MONOist ZOZOMATをはじめZOZOの計測サービスではマーカー方式を採用することが多いですね。

山田氏 例えばZOZOMATはmm単位で足を採寸できる精度がありますが、レーザー方式の3Dスキャナーとの比較検討なども行っています。他にも世の中にはさまざまな計測ツールがあるのでそれらも調査しています。

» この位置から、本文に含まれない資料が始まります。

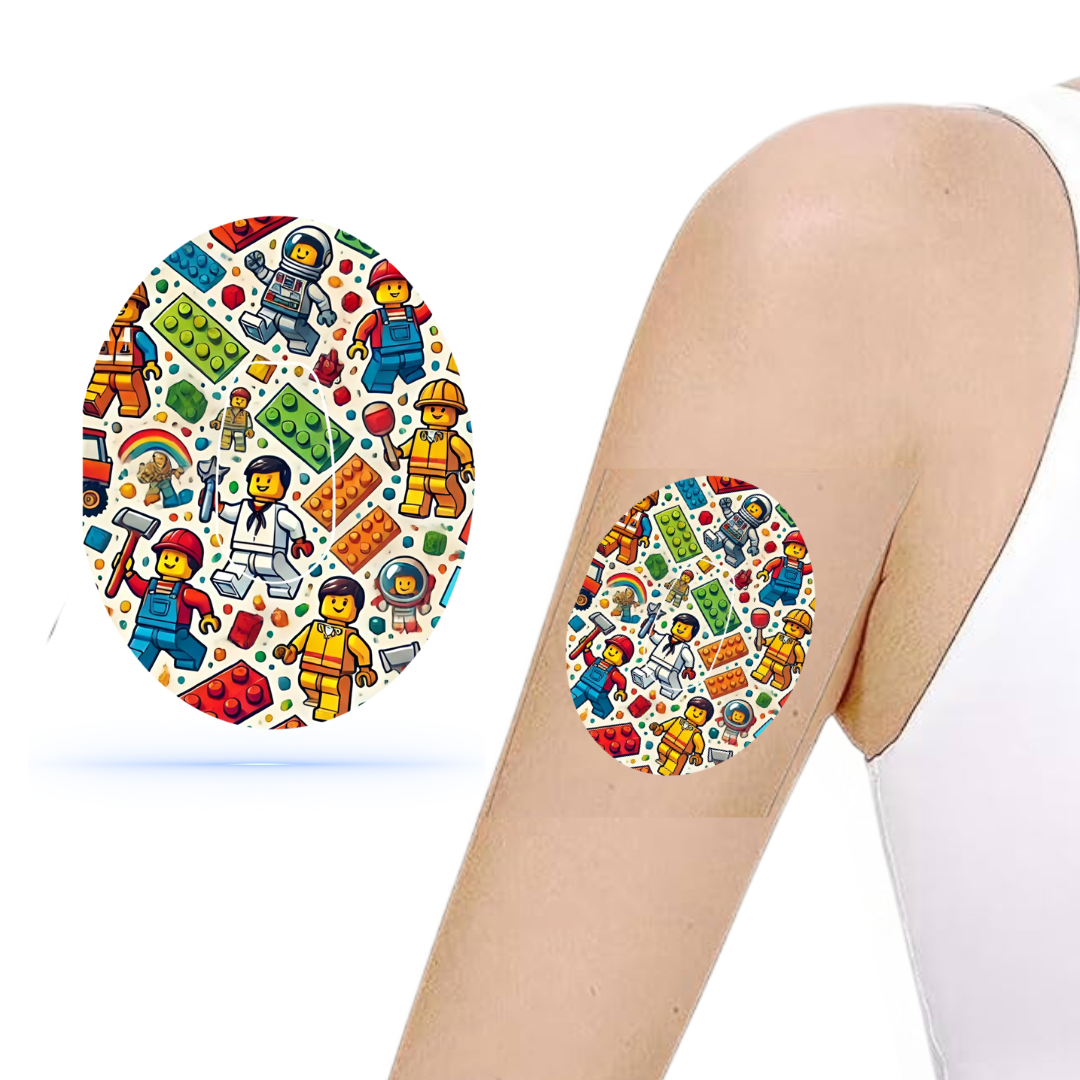 En person som visar en arm med en färgglad Lego Guys CGM sensor patch på. Patchen har animerade Lego-figurer och byggklossar, vilket ger en lekfull och kreativ touch till Dexcom G6 sensorn.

 マーカー方式を採用している最大の理由は、いかにたくさんのお客さまの自宅で測ってもらえるかを重視しているからです。たくさんのお客さまに測っていただくためには、自宅で測ってもらえるとともに、たくさんのお客さまに届けられる形状である必要があり、紙製のマット形状にしています。そして、マーカー方式はさまざまな家庭環境に対応できるというメリットがあります。各家庭で照明も違えば床の色なども違ったりします。そういった環境の違いに対して、最もロバストかつ高い精度で計測できる方式は何なのかというところを突き詰めた結果がマーカー方式なのです。もちろん、マーカー方式にはマーカーを撮影するカメラが必要なわけですが、スマートフォンの普及が加速度的に進んだこともあってこのことは課題になりませんでした。

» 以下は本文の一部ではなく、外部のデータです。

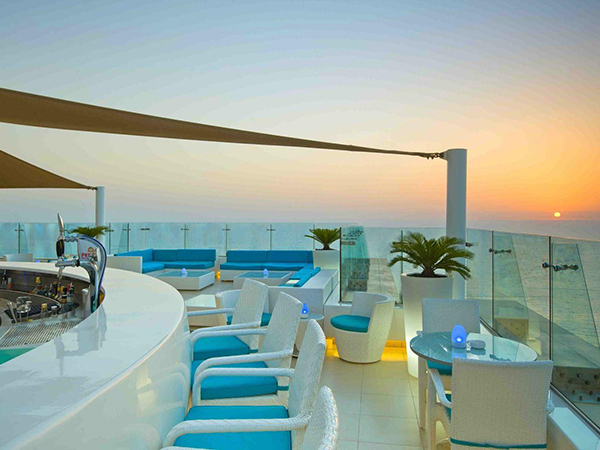 Pure Sky Lounge مطعم استثنائي في دبي يقدّم لك الطعام من الطابق الـ35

 ただし、マーカー方式からさらに先に進むための取り組みも進めています。2024年10月に、事業者向けのサービスにはなりますが、ZOZOSUITなしで採寸の計測ができる「ZOZOMETRY(ゾゾメトリー)」を発表しました。

「ZOZOMETRY」のイメージ
「ZOZOMETRY」のイメージ[クリックで拡大] 出所:ZOZO

 ZOZOMATでは、紙製のマットを使って計測しているわけですが、われわれとしては将来的にそれさえも必要としない世界に進みたいと考えています。ZOZOMATの紙製のマットも、注文いただいてからお客さまに届けるまでに時間は当然かかります。ECは今欲しいものをすぐに買えるという利便性があるわけですが、そのときに体や足のサイズを採寸したいと思ってもZOZOSUITやZOZOMATがなければ測れないわけです。計測という技術の必要性が発生したタイミングでいかにお客さまに寄り添えるかは非常に重要だと考えています。だからこそ、今後もより手軽に、より簡単に計測できる技術を届けるための取り組みは続けていきます。もちろん手軽さと精度はトレードオフがあるので、アプリケーションが必要とする精度と計測のしやすさをどう両立させていくかはわれわれが一番関心があるところです。

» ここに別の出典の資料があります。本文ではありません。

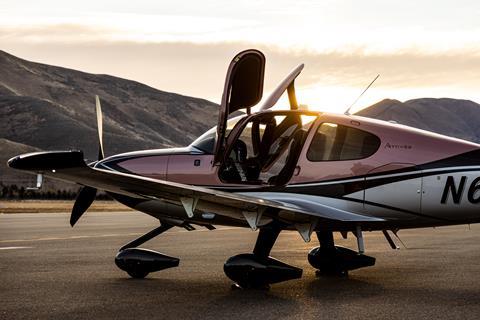 cirrus sr22t interior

MONOist ZOZOMATなどでの計測サービスは、計測技術のことをよく分かっていない一般ユーザーでも利用できるようなUI(ユーザーインタフェース)やUX(ユーザー体験)が必要になります。このあたりの検討はどのように進めているのでしょうか。

山田氏 計測サービスの導入に当たっては、社内検証から始まり、前提知識のない社外の方を招いての検証などかなりの時間をかけて行っています。その中では、どうしてもつまずきやすい箇所があるというのが分かってきますので、アプリ側での改善、マットなどのデザインの改善など、ハードウェアとソフトウェアの改善をしっかりやりました。さまざまな改善を重ねていることもあり、例えばZOZOMATは累計で約270万人(2024年6月時点)の方に使っていただいています。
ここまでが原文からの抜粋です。